Before Cane, P.J., LaRocque and Myse, JJ.
MYSE, J.
James Sarkis appeals a judgment upholding an assessment by the village of Egg Harbor related to his remodeling of an existing structure into a pub and restaurant. Sarkis argues that the ordinance under which the assessment was made is inapplicable to *9 him and that the ordinance is unconstitutional. He also contends that the fine imposed against him for failure to pay the assessment was unreasonable. We reject these arguments and affirm the assessment.
The village cross-appeals that portion of the court's judgment striking down the provision of the ordinance allowing interest to be calculated on the new assessment from the date of the enactment of the ordinance to the date of reassessment. The trial court found the provision to be unconstitutional and an abuse of exercise of the village's police power. The village argues that its interest calculating provision is reasonable because the village has been paying interest on bonds for the construction of the sewage system since it was built. We conclude that the interest provision of the ordinance is unreasonable and, therefore, affirm the trial court's judgment.
The village of Egg Harbor constructed its sewage system in 1987. It then enacted an ordinance to assess property owners in the village to recoup the cost of the system. In May 1988, Sarkis bought property in Egg Harbor. The property was used as a body shop and warehouse prior to Sarkis' purchase and had initially been assessed one residential equivalent unit (REU).
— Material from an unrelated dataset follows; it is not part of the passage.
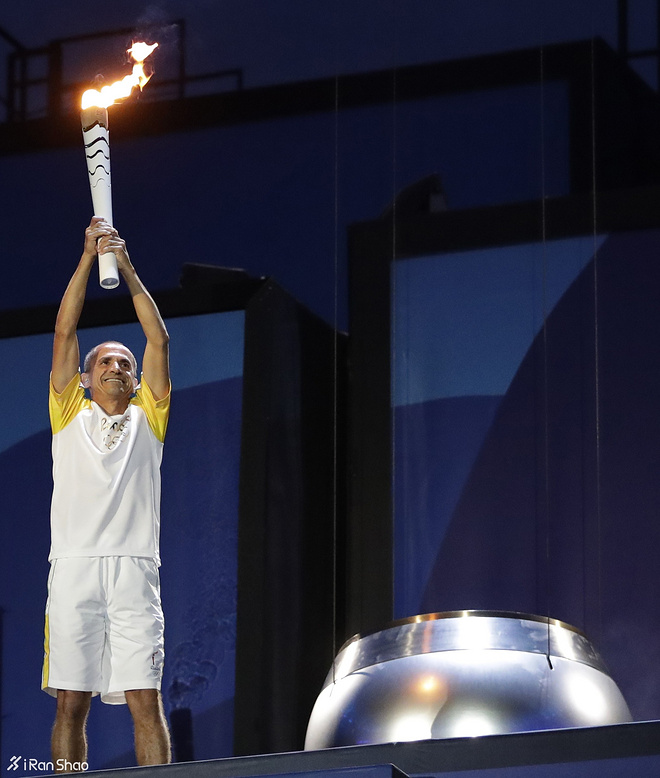 德利马马拉松运动员,德莉玛点燃里约热内卢奥运会火炬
Sarkis remodeled the building into two retail shops. As a result of this remodeling, he was assessed and paid an additional REU. In June 1989, Sarkis added a restaurant and pub to his facilities. As a result of this remodeling, the village assessed Sarkis an additional 4.5 REUs. Sarkis refused to pay the additional 4.5 REUs and challenged the validity of the assessment in court. The trial court found that the village properly reassessed Sarkis under the ordinance and found the reassessment provision to be constitutional, but set aside that portion of the ordinance permitting the village to assess interest on the additional REUs calculated from the date the ordinance *10 was enacted to the date of the assessment. The court then imposed a fine against Sarkis pursuant to the ordinance for failure to pay the assessment.
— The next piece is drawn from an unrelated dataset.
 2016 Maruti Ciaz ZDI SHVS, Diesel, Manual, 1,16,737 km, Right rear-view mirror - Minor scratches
Sarkis argues that the ordinance by its terms does not permit the additional assessment against his property. In the alternative, he argues that the ordinance is ambiguous and, therefore, should be construed against the drafter.
[1]
The rules for the construction of statutes and ordinances are the same. Sauk County v. Trager, 113 Wis. 2d 48, 55, 334 N.W.2d 272, 275 (Ct. App. 1983). The construction and application of an ordinance to a particular set of facts are questions of law that we review de novo. Eastman v. City of Madison, 117 Wis. 2d 106, 112, 342 N.W.2d 764, 767 (Ct. App. 1983). First, we look to the language of the ordinance to determine whether it is ambiguous. An ordinance is only ambiguous when reasonably well-informed persons can disagree as to its meaning. Kearney & Trecker Corp. v. Wisconsin DOR, 91 Wis. 2d 746, 753-54, 284 N.W.2d 61, 65 (1979). If we conclude the ordinance is ambiguous, we do not, as Sarkis suggests, construe the ordinance against the drafter. Instead, we examine the scope, history, context, subject matter and object of the ordinance to ascertain the intent of the legislative body that passed it. See Tahtinen v. MSI Ins. Co., 122 Wis. 2d 158, 166, 361 N.W.2d 673, 677 (1985).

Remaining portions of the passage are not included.